**Problem to work on**
Nothing but the lines from the one containing "For the first" to the end of the records that follow should be transcribed, each exactly, with the pictures left out.

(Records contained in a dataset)

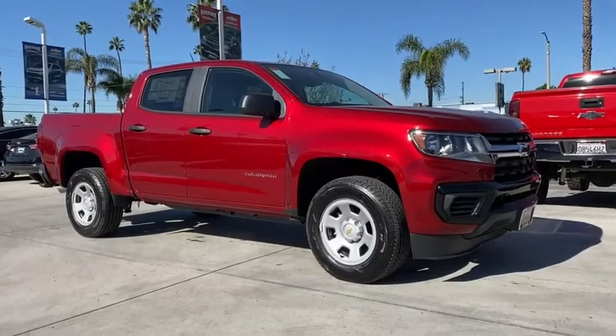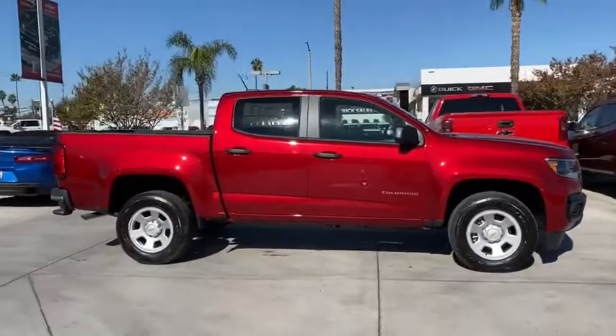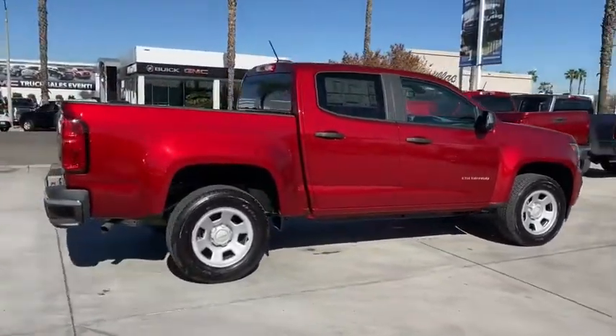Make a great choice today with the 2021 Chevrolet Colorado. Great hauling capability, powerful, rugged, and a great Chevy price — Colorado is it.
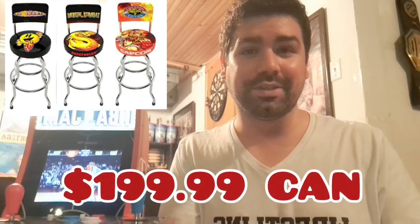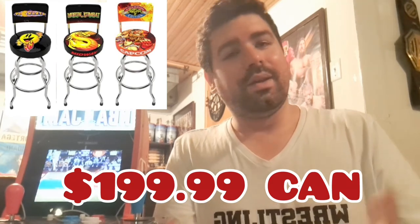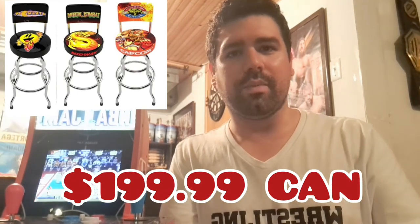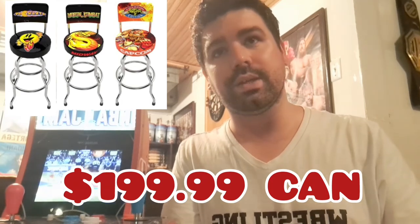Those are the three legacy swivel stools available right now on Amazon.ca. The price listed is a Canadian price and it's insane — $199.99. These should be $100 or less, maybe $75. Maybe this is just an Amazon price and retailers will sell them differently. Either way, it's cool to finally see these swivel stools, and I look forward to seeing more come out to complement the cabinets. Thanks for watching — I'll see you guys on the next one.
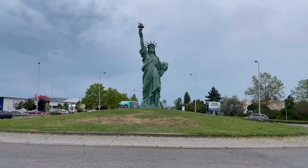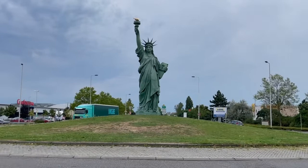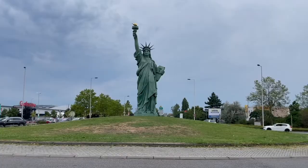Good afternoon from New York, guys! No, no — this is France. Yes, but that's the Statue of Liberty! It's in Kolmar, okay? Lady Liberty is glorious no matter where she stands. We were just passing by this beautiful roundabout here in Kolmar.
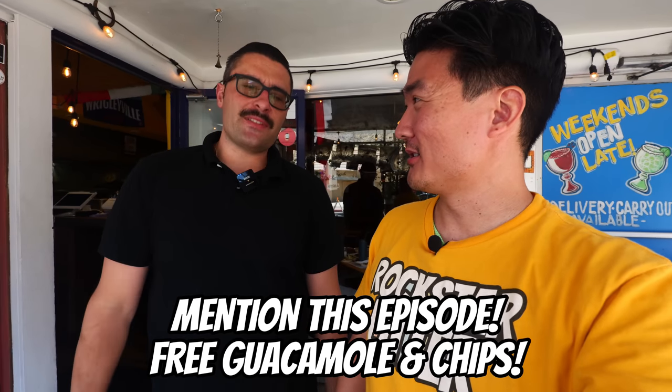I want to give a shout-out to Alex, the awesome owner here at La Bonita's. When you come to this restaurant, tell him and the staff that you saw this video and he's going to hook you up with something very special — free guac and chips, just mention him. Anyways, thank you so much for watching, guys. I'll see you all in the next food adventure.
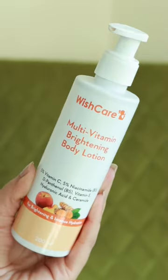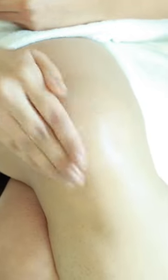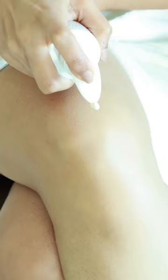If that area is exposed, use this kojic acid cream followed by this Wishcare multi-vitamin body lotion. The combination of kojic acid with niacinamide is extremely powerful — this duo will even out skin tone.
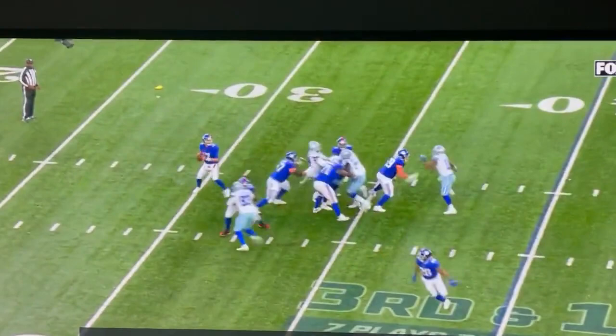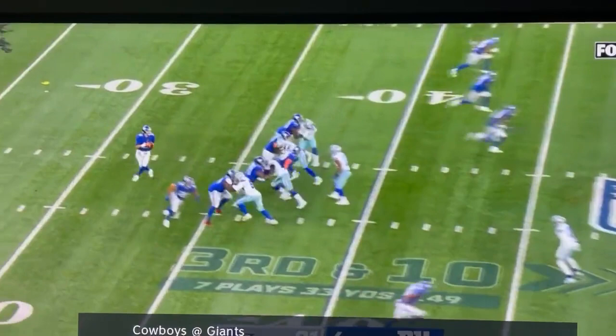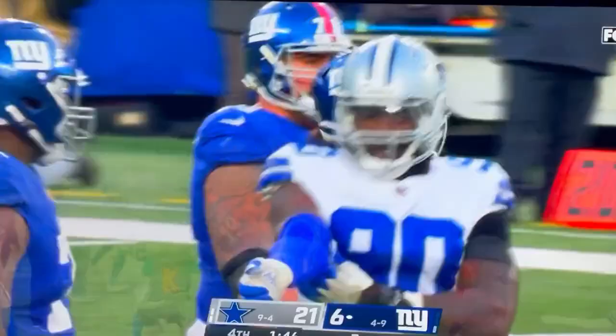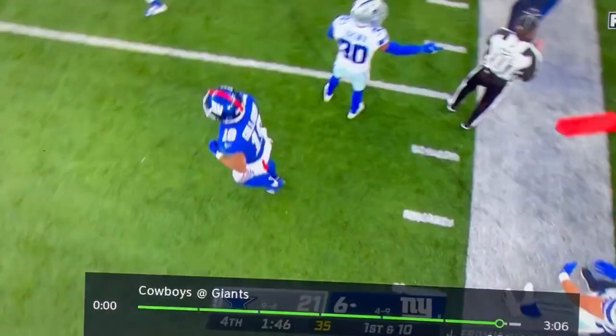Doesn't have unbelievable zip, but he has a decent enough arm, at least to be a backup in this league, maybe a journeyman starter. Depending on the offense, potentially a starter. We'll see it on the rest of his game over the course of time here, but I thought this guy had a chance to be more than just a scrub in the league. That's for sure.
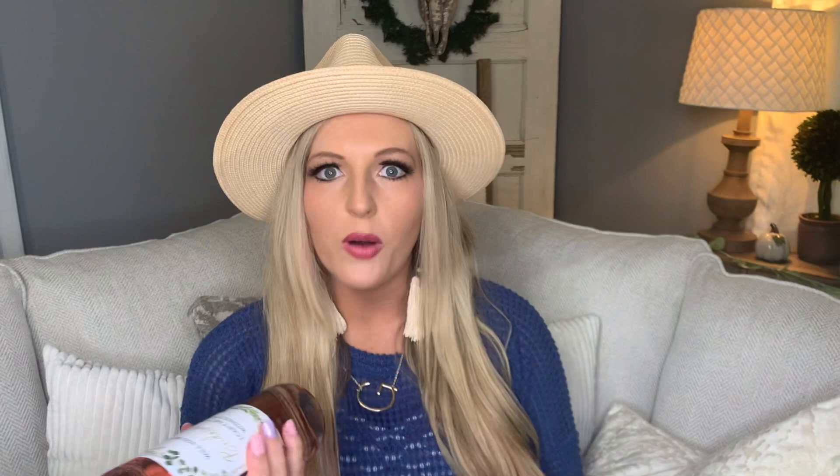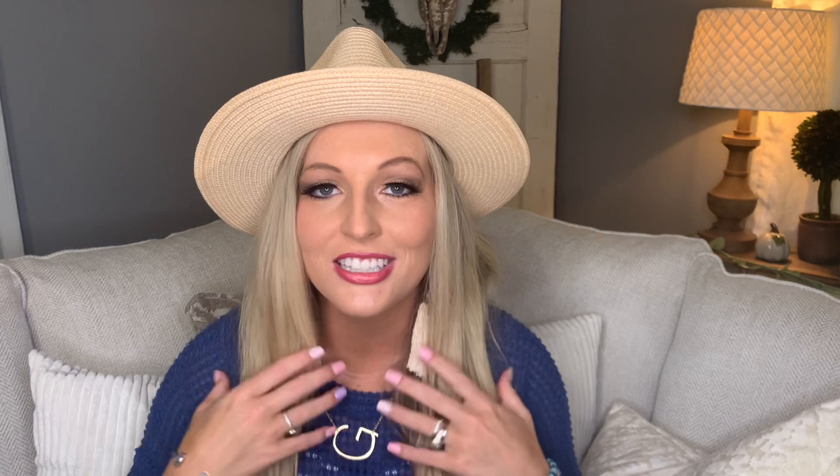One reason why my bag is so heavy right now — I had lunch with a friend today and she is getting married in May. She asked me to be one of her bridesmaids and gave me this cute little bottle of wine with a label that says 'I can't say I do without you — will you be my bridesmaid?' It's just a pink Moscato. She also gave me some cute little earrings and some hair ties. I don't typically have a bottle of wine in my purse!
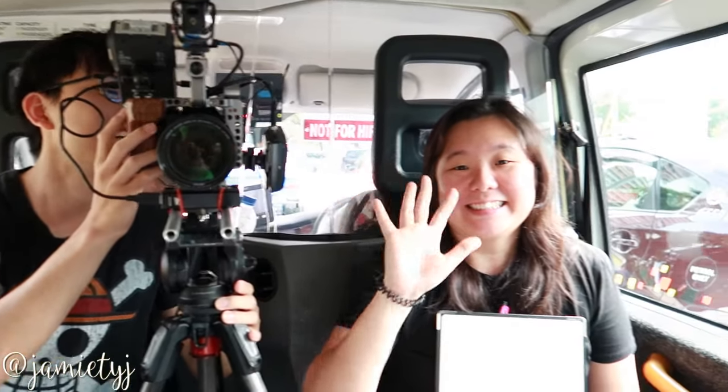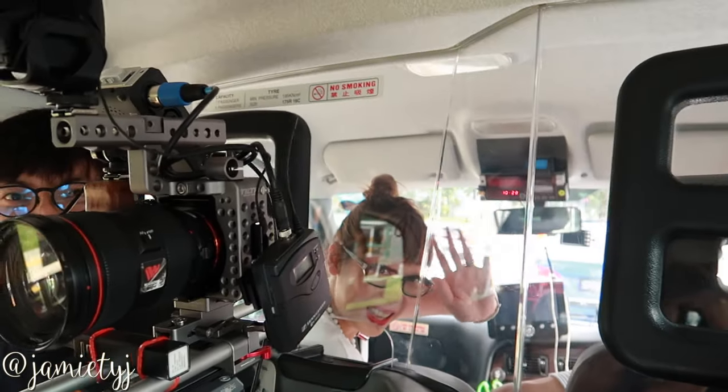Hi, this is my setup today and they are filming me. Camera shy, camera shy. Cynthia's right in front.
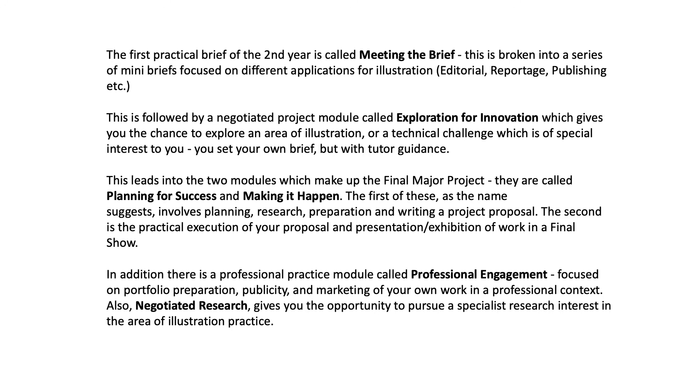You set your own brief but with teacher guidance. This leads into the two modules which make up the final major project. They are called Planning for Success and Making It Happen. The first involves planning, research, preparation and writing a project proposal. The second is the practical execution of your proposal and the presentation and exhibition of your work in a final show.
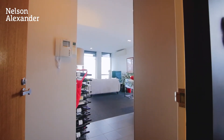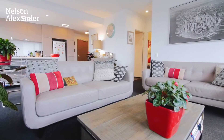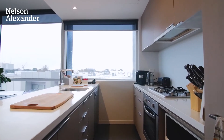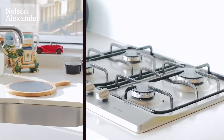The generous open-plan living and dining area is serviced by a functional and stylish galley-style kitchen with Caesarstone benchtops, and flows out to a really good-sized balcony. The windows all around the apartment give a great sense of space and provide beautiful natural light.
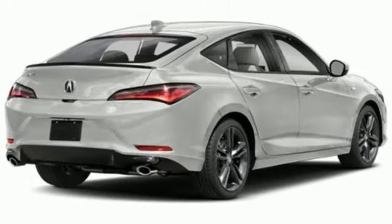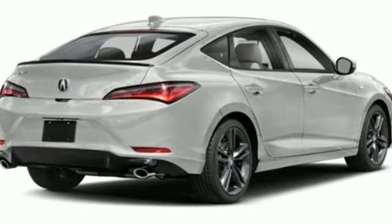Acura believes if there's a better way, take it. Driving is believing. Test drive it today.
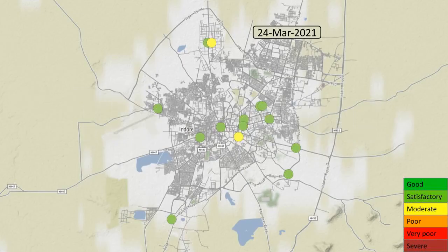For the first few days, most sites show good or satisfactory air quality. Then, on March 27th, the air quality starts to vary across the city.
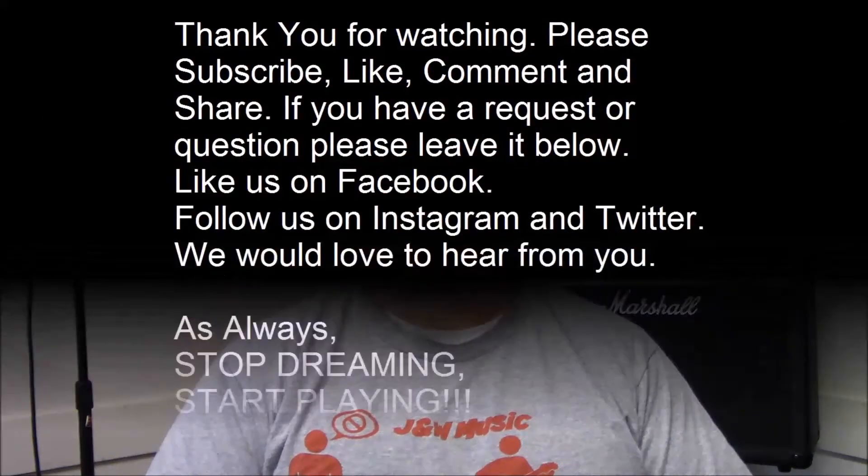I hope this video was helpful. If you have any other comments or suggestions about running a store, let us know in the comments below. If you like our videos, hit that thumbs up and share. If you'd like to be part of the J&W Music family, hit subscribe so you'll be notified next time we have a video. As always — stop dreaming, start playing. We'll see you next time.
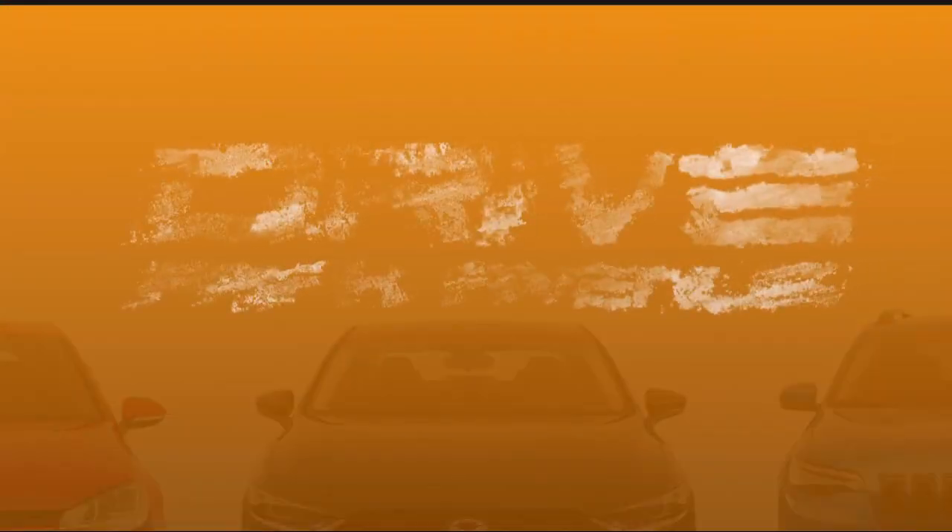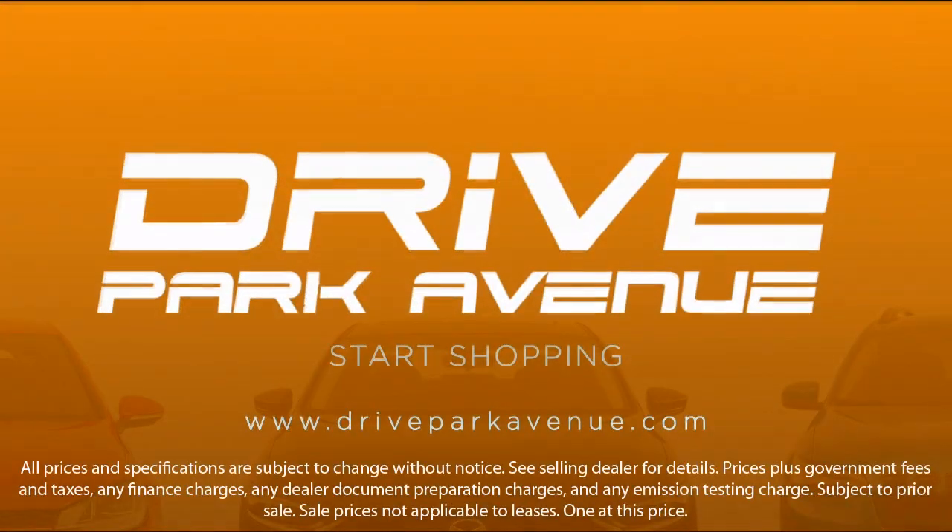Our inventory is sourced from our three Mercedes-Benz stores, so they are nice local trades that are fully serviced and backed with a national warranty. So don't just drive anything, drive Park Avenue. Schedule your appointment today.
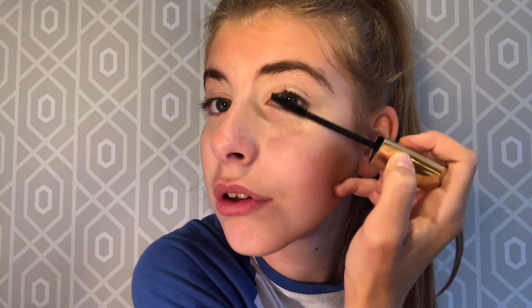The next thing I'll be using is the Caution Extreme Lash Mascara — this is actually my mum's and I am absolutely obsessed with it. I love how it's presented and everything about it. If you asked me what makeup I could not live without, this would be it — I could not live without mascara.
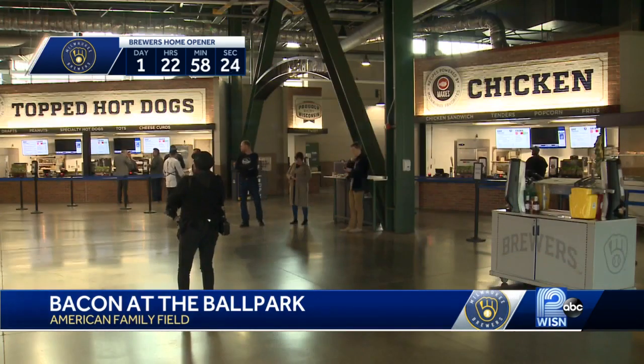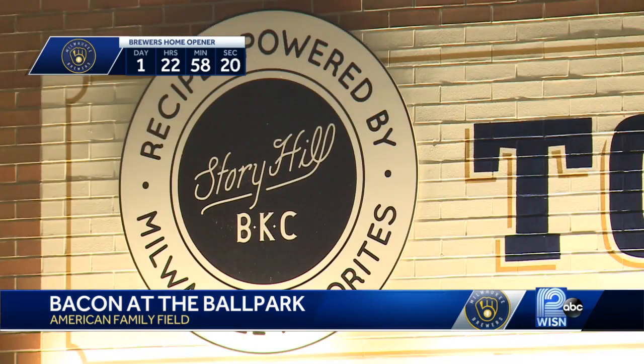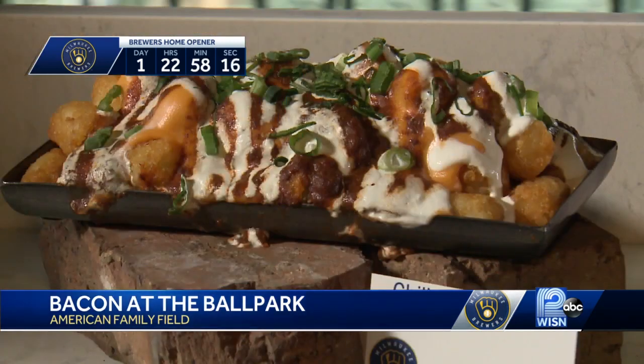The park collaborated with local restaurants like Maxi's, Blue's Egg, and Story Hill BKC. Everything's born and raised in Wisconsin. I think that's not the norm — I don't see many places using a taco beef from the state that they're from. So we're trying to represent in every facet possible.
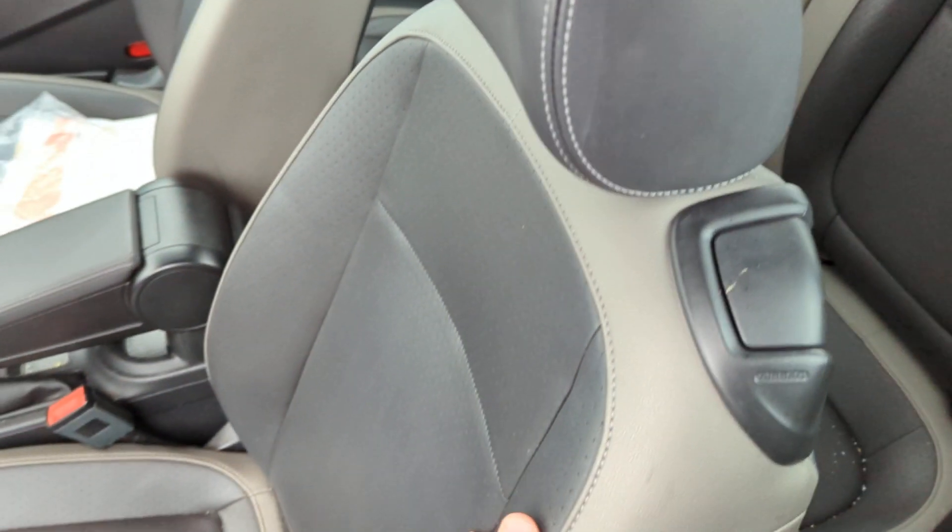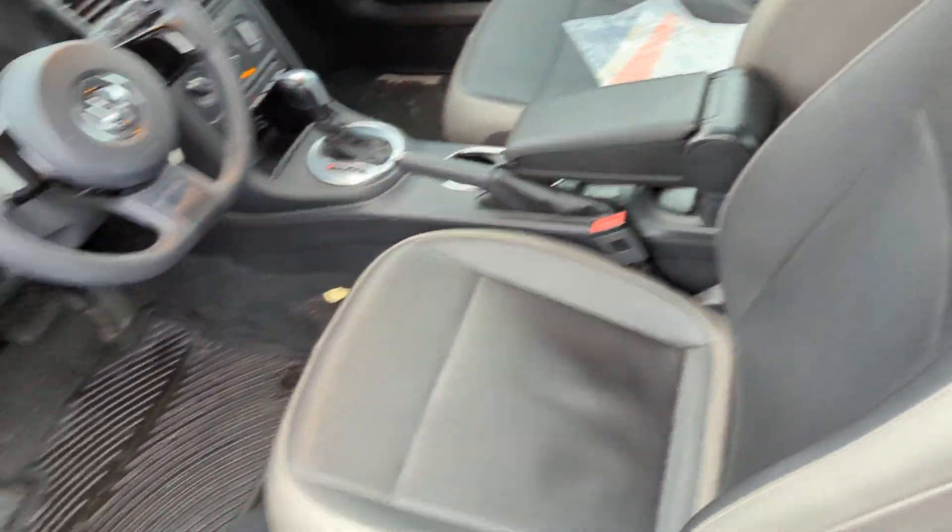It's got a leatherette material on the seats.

**Solution below**
For the first few days, most sites show good or satisfactory air quality. Then, on March 27th, the air quality starts to vary across the city.
I hope this video was helpful. If you have any other comments or suggestions about running a store, let us know in the comments below. If you like our videos, hit that thumbs up and share. If you'd like to be part of the J&W Music family, hit subscribe so you'll be notified next time we have a video. As always — stop dreaming, start playing. We'll see you next time.
Our inventory is sourced from our three Mercedes-Benz stores, so they are nice local trades that are fully serviced and backed with a national warranty. So don't just drive anything, drive Park Avenue. Schedule your appointment today.
The next thing I'll be using is the Caution Extreme Lash Mascara — this is actually my mum's and I am absolutely obsessed with it. I love how it's presented and everything about it. If you asked me what makeup I could not live without, this would be it — I could not live without mascara.
The park collaborated with local restaurants like Maxi's, Blue's Egg, and Story Hill BKC. Everything's born and raised in Wisconsin. I think that's not the norm — I don't see many places using a taco beef from the state that they're from. So we're trying to represent in every facet possible.
It's got a leatherette material on the seats.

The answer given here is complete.